This is the fourth article in Kotlin’s coroutine series.

This article will continue to try to explore more advanced features in Flow from an RxJava user’s perspective to meet more usage scenarios.

Kotlin coroutine series related articles navigation

Scratch the Kotlin coroutine

Kotlin Flow guide (1) Basic applications

Kotlin Flow guide (2) ChannelFlow

SharedFlow and StateFlow

Kotlin version: 1.5.31

Coroutine version: 1.5.2

The following text.


SharedFlow

Those familiar with RxJava should be aware of the Subject, unlike data flows such as Observale, which require a call to a SUBSCRIBE subscription before sending data.

Subject is heat flow, and has the function of sending and receiving data at the same time.
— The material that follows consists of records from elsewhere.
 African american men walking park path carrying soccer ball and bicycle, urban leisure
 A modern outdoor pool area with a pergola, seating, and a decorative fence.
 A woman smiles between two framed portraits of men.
It is both producer and consumer.

In Flow, there is also a corresponding function – SharedFlow

Compared to regular Flow, SharedFlow refers to a shareable Flow of data.

  • Multiple subscribers can be allowed to share the same data stream.
  • Don’t callcollectCollect data and start sending data.
  • Allows caching of historical data
  • Sending data functions are thread-safe.
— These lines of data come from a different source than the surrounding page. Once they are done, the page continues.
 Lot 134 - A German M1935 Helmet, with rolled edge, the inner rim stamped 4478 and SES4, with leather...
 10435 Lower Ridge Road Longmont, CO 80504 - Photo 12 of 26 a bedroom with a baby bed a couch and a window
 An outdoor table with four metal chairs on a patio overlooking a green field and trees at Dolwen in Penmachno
SharedFlow itself is simply defined as a collection of multiple historical data caches that only allow subscription data.

Just like List and MutableList in Kotlin, one contains only readable names and the other contains only readable and writable names.

ShardFlow also has a variable-type version, MutableShardFlow, which defines the ability to send data.

create

Let’s start by looking at how MutableSharedFlow is created.

  • replay

    Represents the size of the history element cache.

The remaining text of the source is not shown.